While praying for His first disciples, Jesus said that the eleven men who had remained faithful to Him during His earthly ministry were those who had “kept” the Father’s word (John 17:6). We noted that Jesus could not have meant that the disciples fully understood or completely obeyed what Jesus had told them from the Father. After all, the Gospels do not hesitate to record the many failures of the disciples to believe and to obey during our Lord’s earthly ministry (for example, Matt. 26:31; Mark 6:45–52). Jesus meant that the disciples had, in the main, stayed with Him. They had continued to hold to Him as the way of life even when others abandoned Him (John 6:66–69).
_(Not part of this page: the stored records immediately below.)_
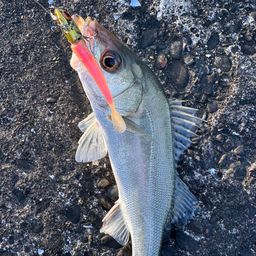 セイゴ（マルスズキ）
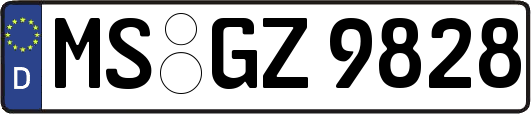 MS-GZ9828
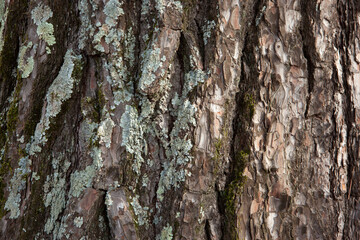 Colorful pine bark background with moss, close-up. Natural texture pine skin. Relief texture of tree trunk for publication, screensaver, wallpaper, postcard, poster, banner, cover, website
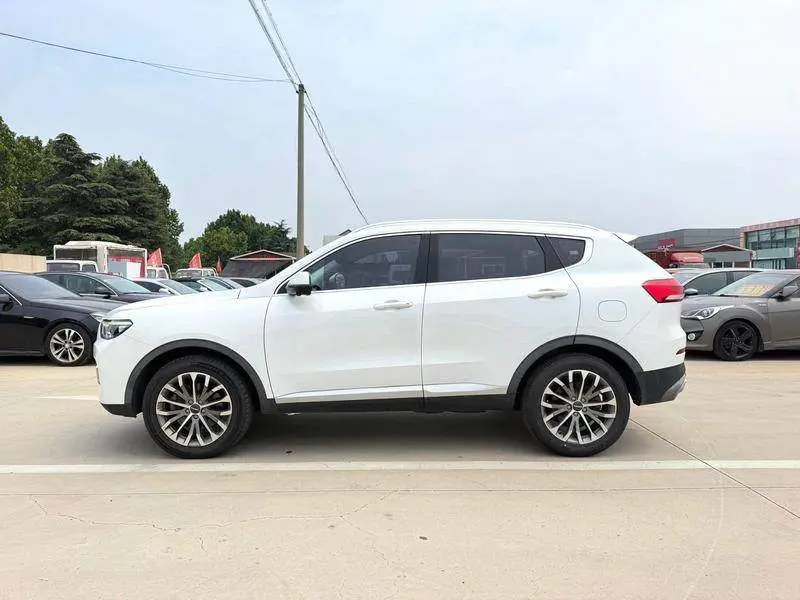 Haval H6 2020 1.5GDIT Automatic Platinum Champion Edition — 4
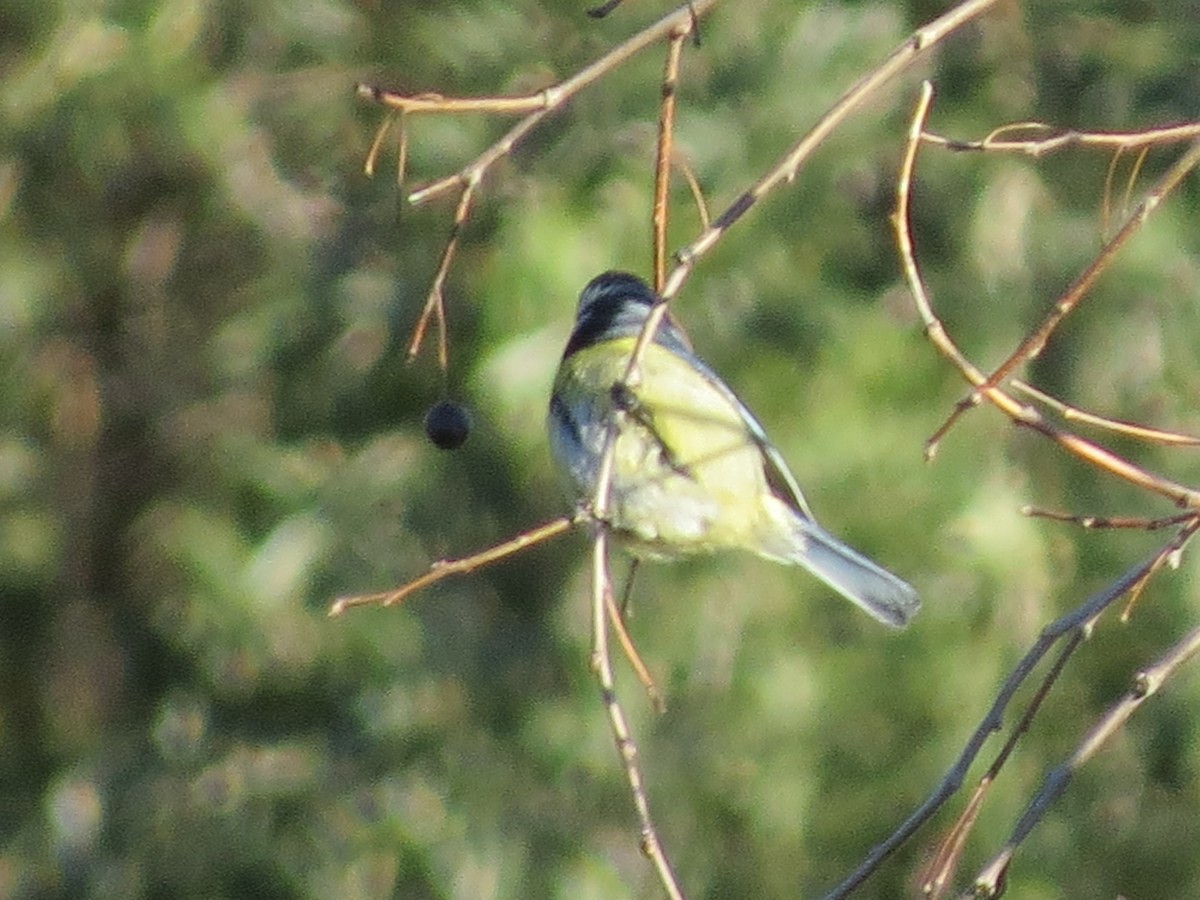 Eurasian Blue Tit - ML291731081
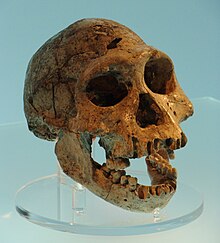 Another view of Dmanisi Skull 3 (D2700 & D2735) Dmanisi skull.JPG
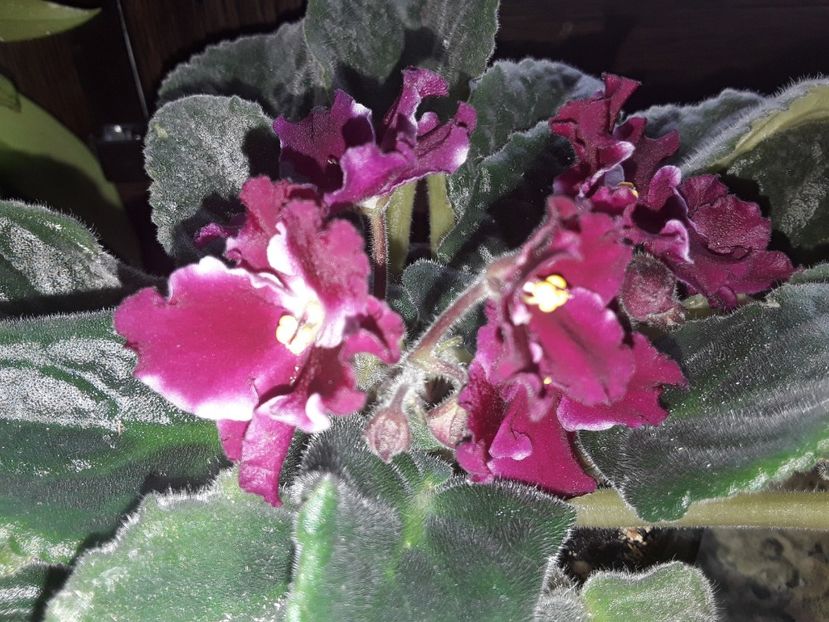  - AAA Violete africane comerciale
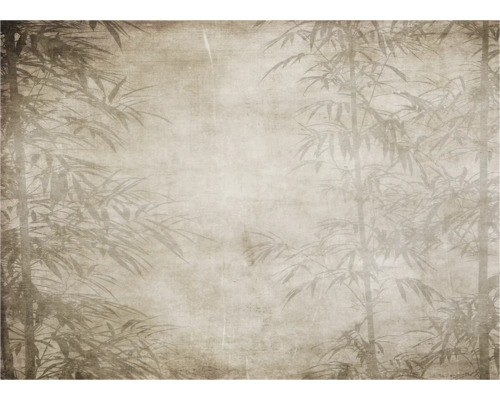 Papier peint avec motif de bambou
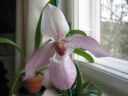 Paphiopedilum_Deperle_VP1_220207_IMG_1387.jpg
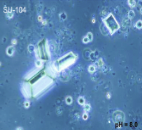 <p>What is this?</p>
Today’s passage supports this interpretation. Jesus expands on saying that the disciples had kept His Father’s word by unfolding what the disciples understood about Him at that point in His ministry. First, He says the disciples knew that the teaching of Jesus had been given to Him from the Father. They may not have fully comprehended everything that Jesus had told them, but they understood that His teaching originated in God Himself (17:7). Second, and as a consequence of knowing where Jesus’ words came from, they believed that Jesus had been sent from the Father (v. 8).
That Jesus could identify this very basic knowledge of His origin and source of ministry as what it means for the disciples to have kept His words is encouraging to us. It demonstrates that ignorance and misunderstanding can coexist to some degree with true faith. And this is good news, because all of us misunderstand at least some portions of God’s Word and are ignorant regarding at least some matters of doctrine—no matter how much we have studied the things of God and no matter how long we have been believers. Not one of us has finally arrived at perfect knowledge of God’s truth, but thankfully, perfect knowledge of God’s truth is not what determines our salvation.
Yet none of that is an excuse to remain ignorant or to persist in misunderstanding God’s Word. Scripture repeatedly exhorts us to grow up “into salvation” (1 Peter 2:2). In other words, we are called to diligently study divine revelation so that we will more fully grasp who God is and what He has done for us in Jesus Christ. In short, we should never be content with what we know today, but we must strive to know even more tomorrow.
Coram Deo
We can be saved without fully understanding all that Jesus has accomplished for us. However, our assurance of salvation will be stronger and we will be more thankful to God the more we know about who Christ is and what He has accomplished. Let us diligently study the things of God that we might grow to full maturity in Christ Jesus our Lord.